Barrett said Vidler has a proven track record of building water projects all across the West Coast, and the company believes in determining it has a solid, sustainable water source that will not have a detrimental affect before it begins building a water system.
“This was a long process,” Barrett said of the environmental reviews of the project. “There were many checks and balances to ensure we have a sustainable water resource.”
Vidler gave Washoe County the easements and infrastructure for the $100 million project — including five wells, 28 miles of pipeline, a 2.5 million-gallon water storage tank above the upper Lemmon Valley, a surge-control tank at Fort Sage Pass, a water tank, booster station and four miles of pipeline from the water tank to the Washoe County water lines.
Dorothy Timian-Palmer, president of the Vidler Water Company, said water rights have sold for $45,000 an acre-foot, but she expects that price to rise by 10 percent within the next few days.
Rosemary Menard, director of the Washoe County Department of Water Resources, said the county could open the valve on the project within the next two weeks.
“This is a major new water source for the Reno/Sparks and Truckee Meadows areas,” Menard said. “It’s an important project that’s been in the works for 20 years.”

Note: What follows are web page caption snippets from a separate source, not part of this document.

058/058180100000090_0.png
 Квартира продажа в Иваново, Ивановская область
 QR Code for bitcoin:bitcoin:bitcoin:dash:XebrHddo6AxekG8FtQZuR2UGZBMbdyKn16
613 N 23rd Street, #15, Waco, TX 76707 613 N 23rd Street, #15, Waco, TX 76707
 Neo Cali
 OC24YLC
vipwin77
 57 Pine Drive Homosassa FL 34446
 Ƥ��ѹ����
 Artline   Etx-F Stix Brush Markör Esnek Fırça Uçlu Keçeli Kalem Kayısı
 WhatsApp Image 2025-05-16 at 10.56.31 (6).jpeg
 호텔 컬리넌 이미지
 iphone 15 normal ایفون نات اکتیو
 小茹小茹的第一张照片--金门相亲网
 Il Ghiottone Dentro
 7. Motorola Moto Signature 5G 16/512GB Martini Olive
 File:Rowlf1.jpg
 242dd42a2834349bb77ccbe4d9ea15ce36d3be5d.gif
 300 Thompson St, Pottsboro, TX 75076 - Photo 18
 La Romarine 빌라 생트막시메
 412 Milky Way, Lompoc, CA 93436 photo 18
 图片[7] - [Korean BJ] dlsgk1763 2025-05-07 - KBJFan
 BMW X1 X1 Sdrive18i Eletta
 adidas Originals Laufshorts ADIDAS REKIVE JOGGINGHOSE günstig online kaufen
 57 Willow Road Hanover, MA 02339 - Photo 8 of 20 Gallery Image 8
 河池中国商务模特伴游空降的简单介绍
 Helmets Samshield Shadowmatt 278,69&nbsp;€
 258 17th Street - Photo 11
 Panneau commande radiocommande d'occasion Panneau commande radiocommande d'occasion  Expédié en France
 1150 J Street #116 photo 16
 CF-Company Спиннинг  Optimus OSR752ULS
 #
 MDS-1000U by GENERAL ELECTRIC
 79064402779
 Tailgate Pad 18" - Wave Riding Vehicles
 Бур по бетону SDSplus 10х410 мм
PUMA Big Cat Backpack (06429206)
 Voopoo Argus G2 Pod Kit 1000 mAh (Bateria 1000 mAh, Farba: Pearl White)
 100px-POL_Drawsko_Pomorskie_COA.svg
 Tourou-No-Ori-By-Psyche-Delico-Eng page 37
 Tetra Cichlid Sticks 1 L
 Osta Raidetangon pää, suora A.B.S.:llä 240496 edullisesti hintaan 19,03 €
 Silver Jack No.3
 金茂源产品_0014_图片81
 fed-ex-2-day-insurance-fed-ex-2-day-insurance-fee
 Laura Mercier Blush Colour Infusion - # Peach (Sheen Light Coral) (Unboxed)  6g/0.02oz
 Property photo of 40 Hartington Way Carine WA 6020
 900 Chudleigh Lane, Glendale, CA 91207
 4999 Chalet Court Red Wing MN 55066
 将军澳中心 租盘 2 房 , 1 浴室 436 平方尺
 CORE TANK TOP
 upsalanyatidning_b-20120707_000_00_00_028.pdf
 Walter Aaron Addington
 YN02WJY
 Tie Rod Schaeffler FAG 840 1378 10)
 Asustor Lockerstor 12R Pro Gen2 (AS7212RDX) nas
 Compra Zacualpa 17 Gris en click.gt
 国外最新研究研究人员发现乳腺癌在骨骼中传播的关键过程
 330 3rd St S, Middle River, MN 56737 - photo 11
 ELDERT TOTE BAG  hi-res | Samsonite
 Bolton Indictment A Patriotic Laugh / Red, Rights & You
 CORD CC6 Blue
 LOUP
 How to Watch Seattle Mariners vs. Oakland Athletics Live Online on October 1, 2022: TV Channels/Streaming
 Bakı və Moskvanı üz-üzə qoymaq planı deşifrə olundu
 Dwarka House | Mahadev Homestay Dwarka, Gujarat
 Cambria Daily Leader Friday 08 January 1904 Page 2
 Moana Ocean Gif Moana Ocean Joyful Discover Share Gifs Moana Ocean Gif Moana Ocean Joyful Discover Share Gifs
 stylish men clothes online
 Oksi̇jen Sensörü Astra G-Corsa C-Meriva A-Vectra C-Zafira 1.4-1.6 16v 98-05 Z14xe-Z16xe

While most of the water from Fish Springs Ranch eventually will be used for new developments in Washoe County, Menard said her department initially will use the Fish Springs Ranch water to supply up to 80 percent of its 3,000 customers in the Lemmon Valley.
Water levels in the Lemmon Valley aquifer have been dropping about a foot a year for decades, and Mernard said Washoe County plans to take four wells in the area offline and hopefully allow the shrinking aquifer to recharge.
According to Mernard, Washoe County operates 19 separate water systems, and most were built and dedicated by developers who drilled the wells or tapped surface water, built the pipelines and then gave the infrastructure to the county to operate.
She said the Fish Springs Ranch project will be the largest water project in the area, except for the Truckee River, which supplies about 80,000 acre-feet of water.
Menard said the Nevada State Engineer has taken a very conservative approach toward the Fish Ranch Springs project.
While there is a provision in the agreement for Vidler to extract another 5,000 acre-feet of water per year, Menard said the state engineer wants the project to prove its sustainability before allowing it to expand. She said the health of the project will be extensively monitored over the next five or ten years.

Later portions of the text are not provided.